Benjamin Laroche: Méthode Jacotot en présence de l'Enseignement Universitaire -20

Publié le par Joseph Jacotot





Jeté par la tempête des révolutions sur les rivages hospitaliers de la Belgique, M. Jacotot, nommé lecteur à l'Université de Louvain , fut chargé de faire un cours de langue française à un auditoire dont il ignorait le langage. Cherchant à se mettre immédiatement en communication avec ses élèves, il plaça entre leurs mains Télémaque avec la traduction hollandaise en regard. Il leur fît dire, par l'un d'eux qui lui servit d'interprète, de comparer le texte avec la- traduction , de chercher à se rendre compte de chaque mot, de chaque phrase de ce texte, et de l'apprendre par cœur. Il vit, avec étonnement, que bientôt les élèves s'exprimaient et écrivaient en français avec toute la correction du texte qu'ils avaient appris ; que les formes de- Télémaque se reproduisaient dans leur bouche et sous leur plume avec facilité. Le premier livre fut appris : les autres furent racontés successivement ; toutes les expressions, tous les paragraphes, toutes les pensées de l'auteur servirent de texte à une multitude d'exercices dans lesquels la raison de l'élève était abandonnée à ses propres forces, et la langue fut connue, parlée et écrite sans le secours des grammaires et des explications. Cette expérience décisive, il la répéta avec succès sur d'autres langues vivantes, sur les langues mortes, sur les mathématiques, le dessin, et même sur la musique, que lui-même ignorait.

Il se crut alors en droit de conclure :

Que l'âme humaine est capable de s'instruire elle-même sans le secours des maîtres explicateurs.

Il avait remarqué que ses élèves prenaient pour point de départ ce qu'ils savaient, afin d'y rapporter ce qu'ils voulaient apprendre; que pour apprendre le français, par exemple, ils avaient pris pour point de départ leur langue maternelle, à laquelle ils avaient rapporté le texte de Télémaque ; il en fît sortir cet autre principe :

Savoir quelque chose et y rapporter tout le reste.

Or, il n'y a pas d'individu ici bas qui ne sache quelque chose, et qui ne puisse conséquemment y rapporter tout le reste, et tout apprendre. De-là cet axiome de la nouvelle méthode :

Tout est dans tout

axiome qui a si fort égayé nos adversaires, qu'ils ont cru devoir épuiser, en sa faveur, tout leur arsenal de jeux de mots et de facéties.
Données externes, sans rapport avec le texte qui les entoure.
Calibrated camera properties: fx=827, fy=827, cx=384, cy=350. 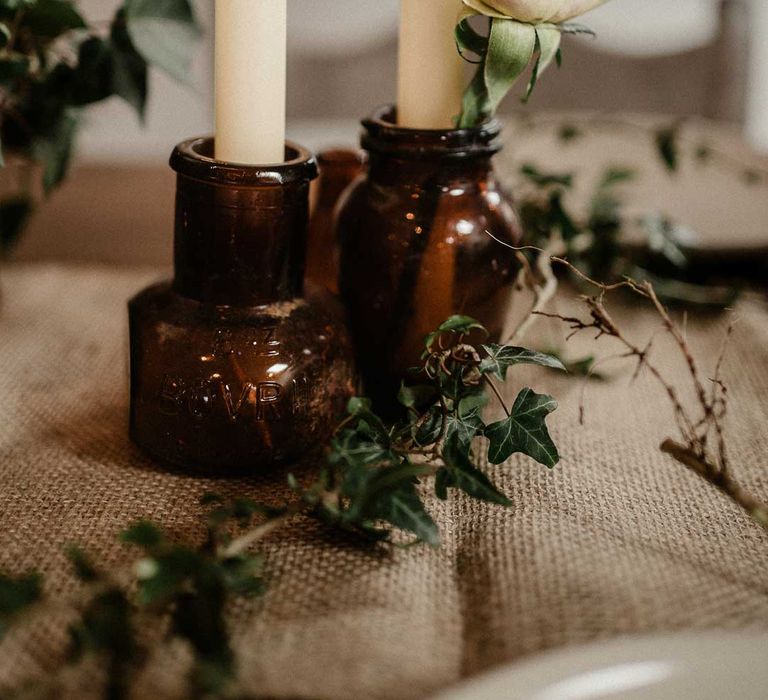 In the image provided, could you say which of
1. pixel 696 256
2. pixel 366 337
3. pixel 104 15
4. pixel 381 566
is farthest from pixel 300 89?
pixel 381 566

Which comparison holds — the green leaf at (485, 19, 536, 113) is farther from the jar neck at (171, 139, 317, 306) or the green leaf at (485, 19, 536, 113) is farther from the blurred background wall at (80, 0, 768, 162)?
the blurred background wall at (80, 0, 768, 162)

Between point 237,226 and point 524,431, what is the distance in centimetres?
19

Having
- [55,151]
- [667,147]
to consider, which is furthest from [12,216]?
[667,147]

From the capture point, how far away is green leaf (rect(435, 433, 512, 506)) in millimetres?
410

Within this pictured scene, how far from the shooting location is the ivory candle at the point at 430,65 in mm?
483

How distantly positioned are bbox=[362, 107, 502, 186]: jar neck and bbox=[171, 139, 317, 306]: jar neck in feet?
0.17

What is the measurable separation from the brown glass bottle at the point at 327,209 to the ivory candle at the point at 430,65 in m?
0.13

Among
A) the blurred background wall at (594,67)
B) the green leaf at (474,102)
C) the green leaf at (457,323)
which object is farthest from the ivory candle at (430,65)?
the blurred background wall at (594,67)

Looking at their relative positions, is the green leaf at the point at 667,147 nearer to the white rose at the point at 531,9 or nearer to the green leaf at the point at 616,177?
the green leaf at the point at 616,177

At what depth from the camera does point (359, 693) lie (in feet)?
1.08

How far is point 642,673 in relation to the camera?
332mm

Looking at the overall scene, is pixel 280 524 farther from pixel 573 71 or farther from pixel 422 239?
pixel 573 71

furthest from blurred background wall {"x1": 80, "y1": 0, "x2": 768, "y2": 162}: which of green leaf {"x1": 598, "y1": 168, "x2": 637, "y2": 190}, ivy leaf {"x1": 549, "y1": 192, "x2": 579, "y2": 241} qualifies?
ivy leaf {"x1": 549, "y1": 192, "x2": 579, "y2": 241}

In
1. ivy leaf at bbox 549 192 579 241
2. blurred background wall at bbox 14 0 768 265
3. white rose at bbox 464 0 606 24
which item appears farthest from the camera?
blurred background wall at bbox 14 0 768 265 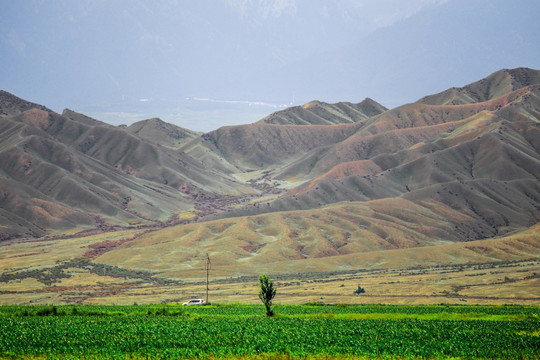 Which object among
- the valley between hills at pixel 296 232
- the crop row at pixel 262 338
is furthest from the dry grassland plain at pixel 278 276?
the crop row at pixel 262 338

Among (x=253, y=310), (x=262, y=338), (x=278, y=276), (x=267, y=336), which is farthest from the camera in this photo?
(x=278, y=276)

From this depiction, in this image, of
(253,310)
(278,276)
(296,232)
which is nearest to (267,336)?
(253,310)

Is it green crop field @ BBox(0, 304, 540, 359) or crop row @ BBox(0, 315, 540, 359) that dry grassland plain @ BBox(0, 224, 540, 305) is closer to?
green crop field @ BBox(0, 304, 540, 359)

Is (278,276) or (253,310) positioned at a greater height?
(278,276)

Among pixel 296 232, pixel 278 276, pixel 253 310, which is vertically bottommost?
pixel 253 310

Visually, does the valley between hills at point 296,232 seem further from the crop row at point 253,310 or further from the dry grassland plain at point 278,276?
the crop row at point 253,310

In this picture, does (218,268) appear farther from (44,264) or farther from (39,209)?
(39,209)

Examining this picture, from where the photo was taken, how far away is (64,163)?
181 meters

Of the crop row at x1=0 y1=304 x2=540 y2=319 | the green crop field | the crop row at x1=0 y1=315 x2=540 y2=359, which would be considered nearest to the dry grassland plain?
the crop row at x1=0 y1=304 x2=540 y2=319

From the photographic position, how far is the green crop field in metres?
29.2

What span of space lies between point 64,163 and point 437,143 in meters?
130

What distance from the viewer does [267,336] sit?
3400 cm

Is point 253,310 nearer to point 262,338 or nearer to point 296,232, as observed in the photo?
point 262,338

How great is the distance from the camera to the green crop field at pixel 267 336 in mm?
29219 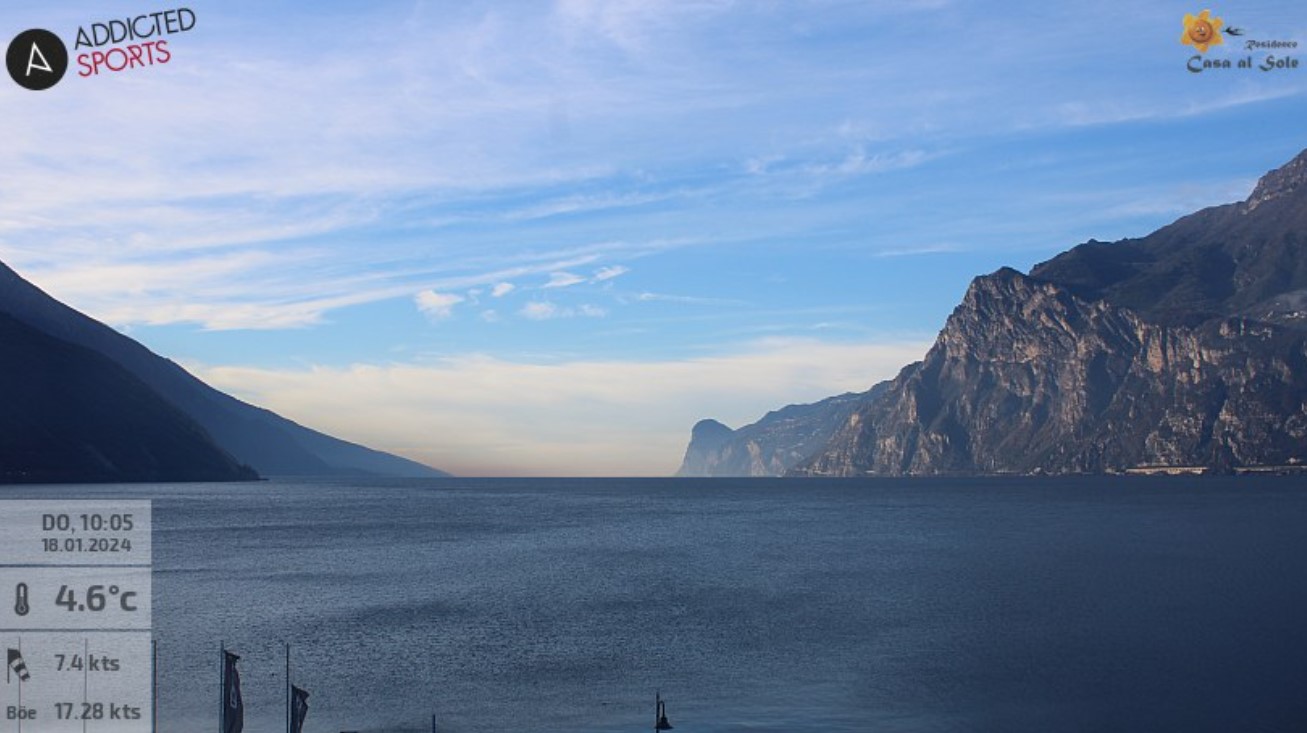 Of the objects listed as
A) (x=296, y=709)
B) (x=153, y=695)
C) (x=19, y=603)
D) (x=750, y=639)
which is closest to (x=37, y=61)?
(x=153, y=695)

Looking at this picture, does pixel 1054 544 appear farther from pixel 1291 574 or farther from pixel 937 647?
pixel 937 647

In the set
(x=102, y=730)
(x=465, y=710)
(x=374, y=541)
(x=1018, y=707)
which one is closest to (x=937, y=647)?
(x=1018, y=707)

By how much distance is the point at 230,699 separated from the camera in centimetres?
4062

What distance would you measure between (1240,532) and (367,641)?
160 m

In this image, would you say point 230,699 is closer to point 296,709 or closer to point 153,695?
point 153,695

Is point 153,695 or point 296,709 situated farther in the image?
point 296,709

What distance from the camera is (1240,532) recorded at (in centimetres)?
18662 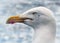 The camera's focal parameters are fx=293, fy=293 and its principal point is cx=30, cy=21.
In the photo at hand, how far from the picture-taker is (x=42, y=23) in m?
1.63

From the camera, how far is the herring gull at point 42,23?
161 centimetres

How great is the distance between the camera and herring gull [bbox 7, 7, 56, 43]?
161 cm

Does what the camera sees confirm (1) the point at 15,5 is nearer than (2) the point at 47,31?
No

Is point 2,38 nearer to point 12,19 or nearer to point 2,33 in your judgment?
point 2,33

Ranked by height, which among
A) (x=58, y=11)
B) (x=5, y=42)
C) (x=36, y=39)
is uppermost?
(x=58, y=11)

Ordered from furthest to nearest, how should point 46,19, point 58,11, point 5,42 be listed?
point 58,11 → point 5,42 → point 46,19

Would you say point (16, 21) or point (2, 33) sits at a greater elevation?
point (2, 33)

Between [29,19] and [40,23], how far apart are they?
0.08m

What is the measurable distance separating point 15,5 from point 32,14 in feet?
5.35

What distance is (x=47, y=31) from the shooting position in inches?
63.9

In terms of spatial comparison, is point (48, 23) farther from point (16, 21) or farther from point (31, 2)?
point (31, 2)

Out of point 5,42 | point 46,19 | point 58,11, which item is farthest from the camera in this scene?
point 58,11

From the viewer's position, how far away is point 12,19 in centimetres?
170

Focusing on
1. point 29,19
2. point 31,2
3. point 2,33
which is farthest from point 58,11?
point 29,19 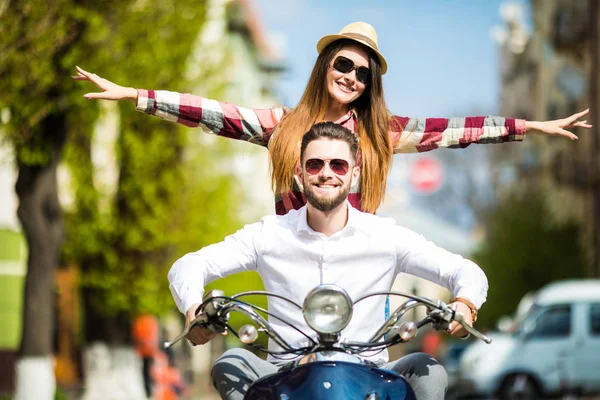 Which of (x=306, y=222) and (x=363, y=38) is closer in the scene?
(x=306, y=222)

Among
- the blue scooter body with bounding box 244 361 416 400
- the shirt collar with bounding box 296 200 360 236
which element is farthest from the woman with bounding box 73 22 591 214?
the blue scooter body with bounding box 244 361 416 400

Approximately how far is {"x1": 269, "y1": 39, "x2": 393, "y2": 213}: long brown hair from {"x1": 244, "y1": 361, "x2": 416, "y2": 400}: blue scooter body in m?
1.32

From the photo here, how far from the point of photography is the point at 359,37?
18.0 ft

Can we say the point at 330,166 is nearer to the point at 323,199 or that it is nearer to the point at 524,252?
the point at 323,199

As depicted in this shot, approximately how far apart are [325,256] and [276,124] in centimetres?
119

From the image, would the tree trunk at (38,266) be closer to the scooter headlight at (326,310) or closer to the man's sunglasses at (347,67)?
the man's sunglasses at (347,67)

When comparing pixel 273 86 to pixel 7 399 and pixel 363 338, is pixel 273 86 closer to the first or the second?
pixel 7 399

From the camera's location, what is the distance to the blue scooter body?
4020mm

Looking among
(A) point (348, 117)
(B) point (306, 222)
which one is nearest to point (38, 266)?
(A) point (348, 117)

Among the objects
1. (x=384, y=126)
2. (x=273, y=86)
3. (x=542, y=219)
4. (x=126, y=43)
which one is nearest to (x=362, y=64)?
(x=384, y=126)

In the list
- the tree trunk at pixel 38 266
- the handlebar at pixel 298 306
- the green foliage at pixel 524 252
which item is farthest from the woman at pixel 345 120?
the green foliage at pixel 524 252

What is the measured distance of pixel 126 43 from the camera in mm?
15742

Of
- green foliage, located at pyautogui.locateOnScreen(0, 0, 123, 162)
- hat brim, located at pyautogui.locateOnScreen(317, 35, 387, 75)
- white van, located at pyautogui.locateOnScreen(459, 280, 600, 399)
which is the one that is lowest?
white van, located at pyautogui.locateOnScreen(459, 280, 600, 399)

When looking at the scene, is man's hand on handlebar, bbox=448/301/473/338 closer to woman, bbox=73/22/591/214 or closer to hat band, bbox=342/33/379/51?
woman, bbox=73/22/591/214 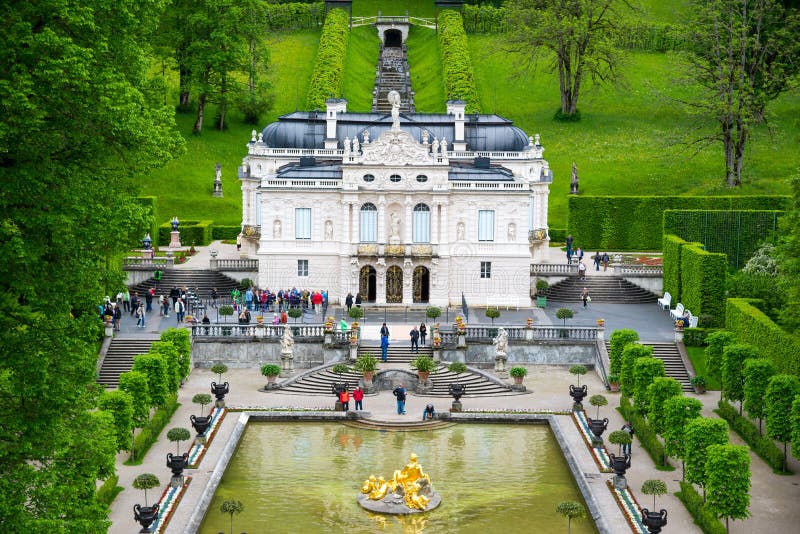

Enfin, M. Jacotot avait vu que l'expérience avait réussi à tous les individus auxquels on l'avait appliquée ; que les résultats avaient été uniformes pour tous ; il en conclut que l'aptitude à apprendre était égale chez tous les hommes ; que leur organisation n'établissait point, dès leur naissance, une limite fatale et irrévocable aux facultés
intellectuelles de chacun d'eux, et il résuma sa pensée en ces mots, qu'il donna pour base à son système :

Toutes les intelligences sont égales.


Ce dernier axiome n'a pas manqué de soulever l'opposition de nombreux adversaires. A leur tête nous devons placer M. le duc de Lévis, qui, par l'urbanité de sa critique et la bonne foi évidente de sa discussion, ne doit pas être confondu avec la foule des détracteurs que nous réfutons. Dans la lettre adressée à M. Jacotot, par M. le duc de Lévis, la question de l'égalité des intelligences a été traitée avec le talent particulier à cet académicien. Nous sommes prêts à convenir que la réponse, faite par M. Jacotot, n'est pas une réponse, puisque la question en elle-même n'y est pas traitée. Aussi , n'était-ce pas l'intention de M. Jacotot de répondre. Il n'a jamais prétendu établir le principe de l'égalité des intelligences comme une vérité incontestable, mais seulement comme une opinion qui lui est personnelle, opinion que d'innombrables expériences ont uniformément confirmée. Il ne se croit pas appelé à rompre une lance dans une discussion de physiologie ou de métaphysique avec quiconque ne partagera pas celte opinion. S'il n'a pas répondu , nous ne croyons pas que ce fut dans l'impuissance de répondre ; mais enfin, cela fût-il, n'y a-t-il pas dans la nature une foule de phénomènes dont l'existence nous frappe de partout, sans que nous puissions remonter à leur cause ? A-t-on rendu raison de tout dans l'univers, et faudra-t-il nier tout ce que nous ne comprenons pas ?

M. Jacotot ne dit pas :

« J'établirai, par mes raisonnemens, qu'il doit y avoir égalité entre toutes les intelligences.)) .

S'il s'exprimait ainsi, il aurait tort de ne pas accepter le combat.

Il dit seulement :

« J'ai vu que toutes les intelligences étaient égales, et je l'ai dit ; je ne me suis point engagé à rendre raison de ce que j'avais vu. »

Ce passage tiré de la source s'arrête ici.